Pictures with short captions:
----

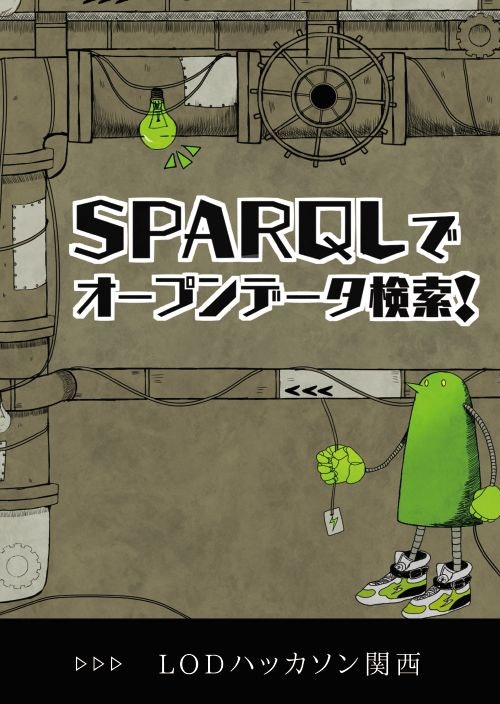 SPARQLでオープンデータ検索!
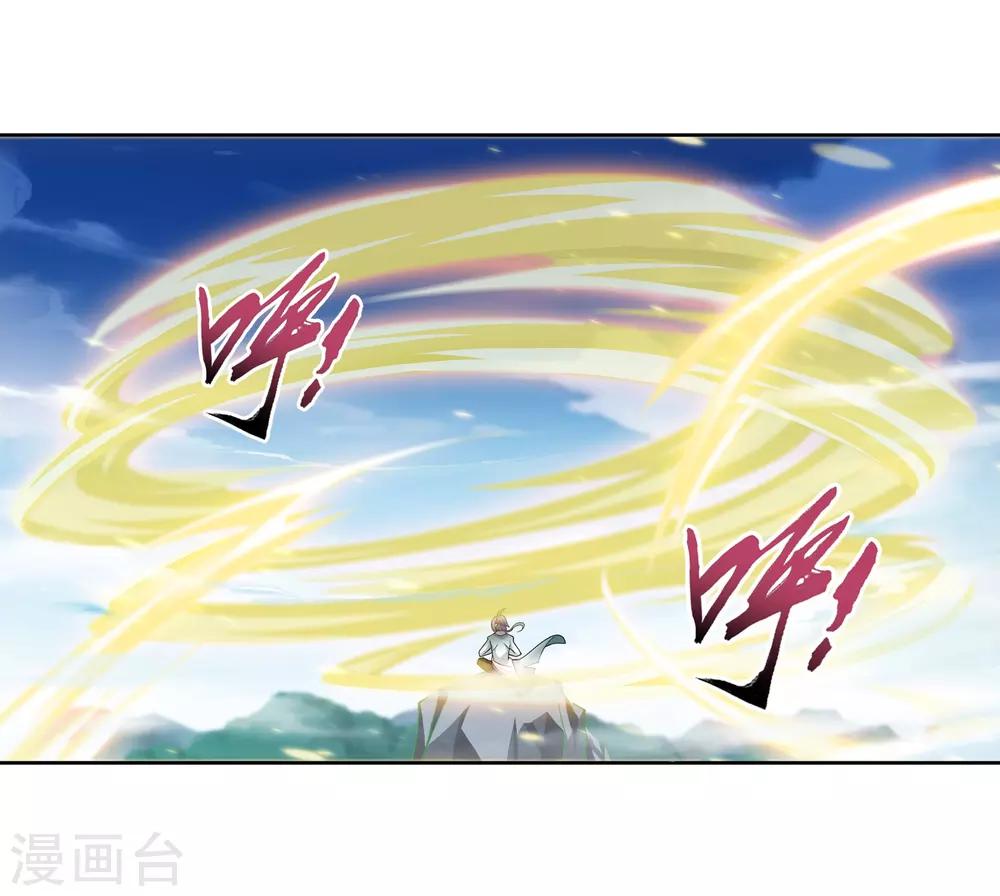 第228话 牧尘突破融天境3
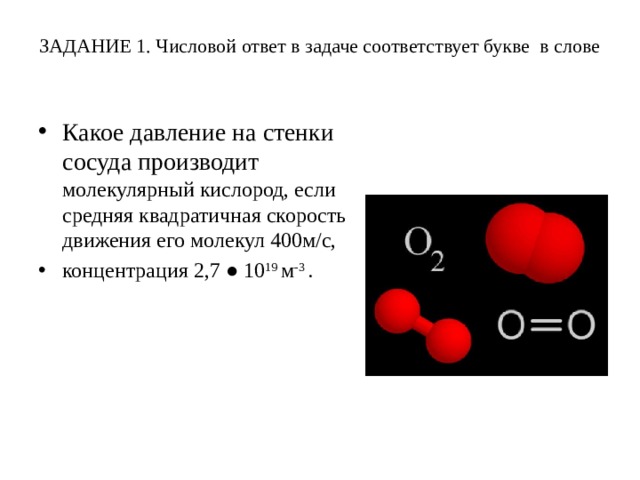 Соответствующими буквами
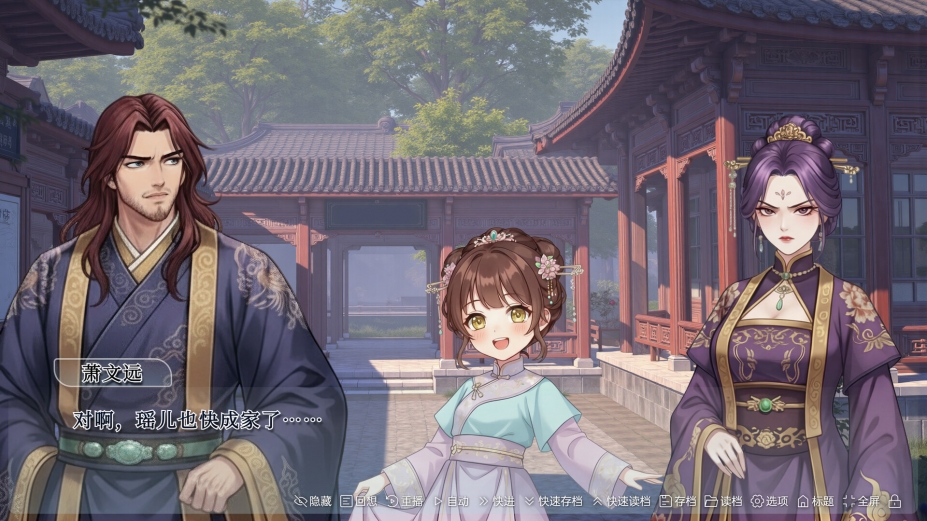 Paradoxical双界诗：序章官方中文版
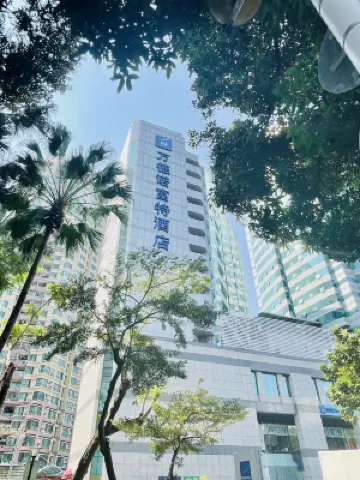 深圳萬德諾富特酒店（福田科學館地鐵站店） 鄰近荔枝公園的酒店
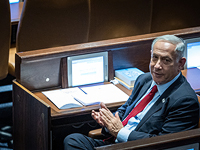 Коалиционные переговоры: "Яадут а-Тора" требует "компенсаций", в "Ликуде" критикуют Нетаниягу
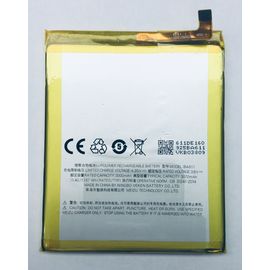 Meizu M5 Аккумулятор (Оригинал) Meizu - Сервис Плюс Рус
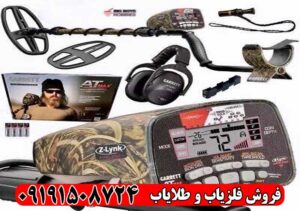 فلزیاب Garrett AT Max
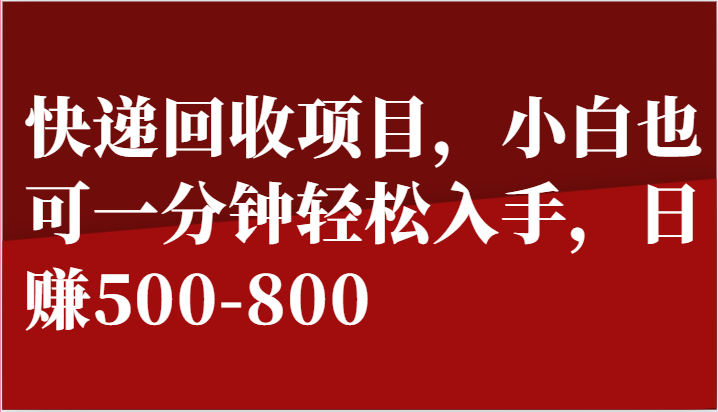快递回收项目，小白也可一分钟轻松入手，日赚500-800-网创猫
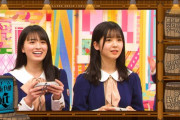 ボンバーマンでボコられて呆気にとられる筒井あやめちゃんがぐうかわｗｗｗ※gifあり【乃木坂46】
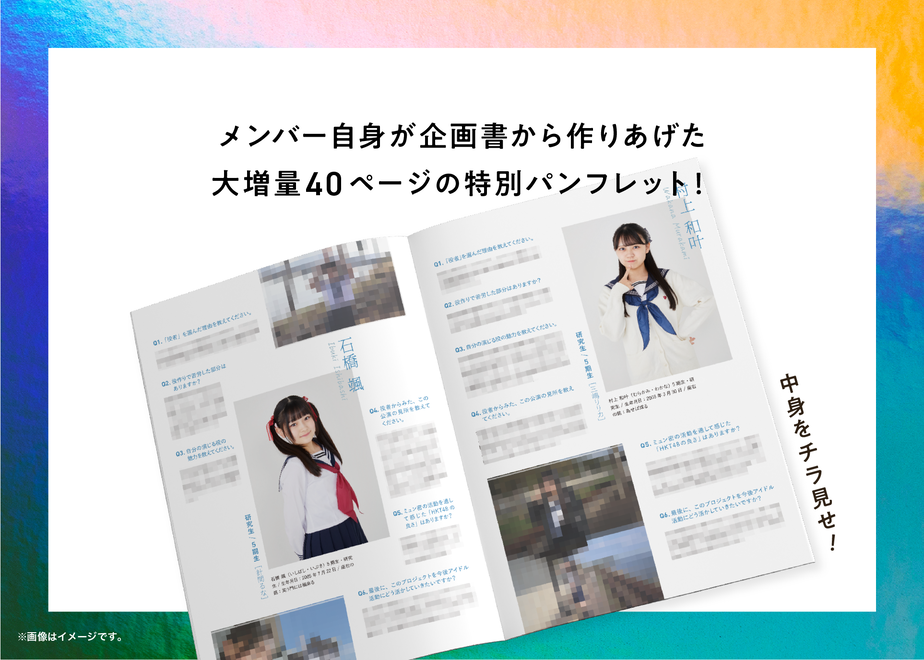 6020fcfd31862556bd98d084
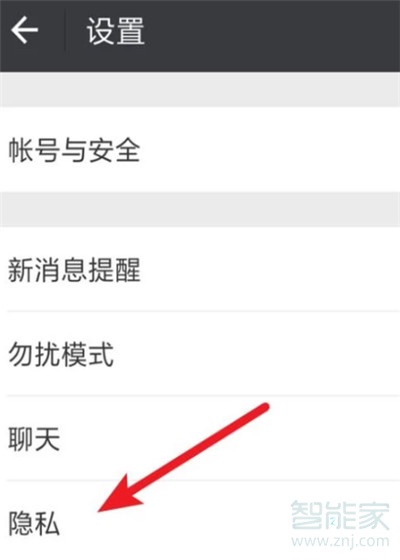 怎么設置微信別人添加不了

----

Problem details
Omit all pictures and write out, exactly, only the lines from the line containing "ボンバーマンでボコられて呆気" through the last line of the entries above.

Exercise answer
 ボンバーマンでボコられて呆気にとられる筒井あやめちゃんがぐうかわｗｗｗ※gifあり【乃木坂46】
 6020fcfd31862556bd98d084
 怎么設置微信別人添加不了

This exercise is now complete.